2005 East Central Regional : Square Count

[wktang]

Did anyone solve the problem from 2005 East Central America regional contest problem F: Square Count?

http://acmicpc-live-archive.uva.es/nuev ... php?p=3377

I found that the problem statement contradicting:

No two rooms will overlap, though they may share a side.

And the judge's input contain overlapping rooms!!! I've solved the problem by not counting the shared blocks between overlapping rooms. I'm pretty sure that the judge's input should not contain any overlapping rooms, but I might be wrong... If you've solved this problem, I would love to hear what did you think when solving this problem.

[Darko]

I am not sure - I never assumed that rooms might overlap. When I read the rooms in, I added squares per each room to the count (and afterwards I looked for the ones that spanned two rooms). If some of them overlapped I would've had too many.

(By "overlap" I assume you mean - "a corner of one room is in the interior of another")

[wktang]

I obtained the sample input from the regional site:
http://acm.ashland.edu/2005/problem-set.html

I've got all test cases correct except for test cases 23-32 (which my output shows more room).

Here's what I found in the 23rd test case: (room in (x1, y1), (x2, y2) format)

Room 1 : (5542, 5201), (5583, 5152)
Room 446: (5484, 5274), (5555, 5175)

These 2 rooms are overlapping each other...

Darko, are you able to test the sample input from the site?
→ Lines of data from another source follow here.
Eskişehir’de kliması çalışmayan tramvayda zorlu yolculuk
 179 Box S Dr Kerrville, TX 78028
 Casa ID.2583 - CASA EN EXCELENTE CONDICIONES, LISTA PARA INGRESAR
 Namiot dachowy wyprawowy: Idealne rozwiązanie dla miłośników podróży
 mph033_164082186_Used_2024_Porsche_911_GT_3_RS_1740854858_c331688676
I wonder if your output matches the sample output for test cases 23-32? ( since you said you never assumed that rooms might overlap. )

[Darko]

Interesting... they do overlap. And I do get the correct (or "correct") answer. But if rectangles overlap, my solution shouldn't give the right answer.

I probably had the same approach as the original solution. In representing my rectangles I take mins and maxes, then to find "common area", I compare min-max pairs, if they are equal, they share a side, then I count those squares (if shared side > 2)...

I'll just send you the code in a PM.